Elementary schools besides Bay View have been able to salvage art and music programs through active parent involvement. Westlake Elementary School is one that has been able to do just this.

Dorothy Franks, arts coordinator at Westlake, said that her school fundraises for different types of art enrichment, whereas other schools in the district are not capable of doing this because they don’t have parent bodies that are willing or able to do the same.

“It’s a little bit of a political hot-potato right now,” Frank said. “Money was cut quite a bit.”

Vocal music is now only offered one hour a week for fourth and fifth grade, whereas it used to be offered two hours a week for fourth-graders, and fifth-graders were offered the choice between vocal, strings and band. Now they are only offered vocal, and even that provides limited instruction.

“What is happening at the elementary schools will affect us in a few years,” said Christina Latham, band director at Santa Cruz High School. “My job is not affected now, but it could be in the future because if there’s not students to take band, then there’s no students to teach.”

Latham is worried that without proper instruction, students will not be interested in taking band in high school at all. As of this year, two of five music teachers at the elementary and middle school levels were laid off, and hours of instruction have significantly dropped.

Although the arts are still surviving in the Santa Cruz County School District, UCSC graduate student Chitwood does not see an easy way out of this crisis any time soon.
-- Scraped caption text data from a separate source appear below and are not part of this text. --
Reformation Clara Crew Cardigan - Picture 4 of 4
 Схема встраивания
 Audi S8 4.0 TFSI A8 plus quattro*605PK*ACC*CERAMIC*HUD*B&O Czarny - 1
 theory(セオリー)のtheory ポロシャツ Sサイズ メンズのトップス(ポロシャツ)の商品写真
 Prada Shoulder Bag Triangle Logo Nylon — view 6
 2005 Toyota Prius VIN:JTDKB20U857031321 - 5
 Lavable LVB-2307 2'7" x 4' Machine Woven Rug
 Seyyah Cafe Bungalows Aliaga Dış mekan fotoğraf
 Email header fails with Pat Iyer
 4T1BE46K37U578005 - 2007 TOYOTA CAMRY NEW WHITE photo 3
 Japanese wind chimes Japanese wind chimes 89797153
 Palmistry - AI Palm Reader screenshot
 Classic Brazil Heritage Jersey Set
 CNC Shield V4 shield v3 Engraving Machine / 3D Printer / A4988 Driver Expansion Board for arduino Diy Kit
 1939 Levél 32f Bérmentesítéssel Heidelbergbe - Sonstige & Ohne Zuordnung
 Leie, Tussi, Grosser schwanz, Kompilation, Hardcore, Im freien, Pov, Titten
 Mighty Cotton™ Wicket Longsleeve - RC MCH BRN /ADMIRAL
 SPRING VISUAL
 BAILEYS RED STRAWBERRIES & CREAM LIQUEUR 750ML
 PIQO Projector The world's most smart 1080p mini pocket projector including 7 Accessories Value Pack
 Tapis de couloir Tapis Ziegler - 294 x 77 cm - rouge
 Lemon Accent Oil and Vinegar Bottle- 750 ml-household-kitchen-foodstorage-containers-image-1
“Until the economy of California turns around, I just don’t think it can turn around here either,” she said.

Chitwood adds that she is proud of the faculty at UC Santa Cruz and hopes that the department is not hit any harder than it already has been.

“It would be a huge shame if any of [the faculty] were cut,” Chitwood said. “I think it’s terrible that many of their hours have been cut already.”

Wind ensemble director Klevan believes that public school districts like Santa Cruz target arts unfairly, and that the city has not yet realized that it is a mistake to do that.

“I could go on and on about how wrong it is,” Klevan said. “In California, we haven’t realized how arts can affect academics and other social aspects of a student’s life and development. We continue to cut programs. It’s hard for me to understand. My grandchildren will not have the same quality education that I had when I was their age, and that’s sad.”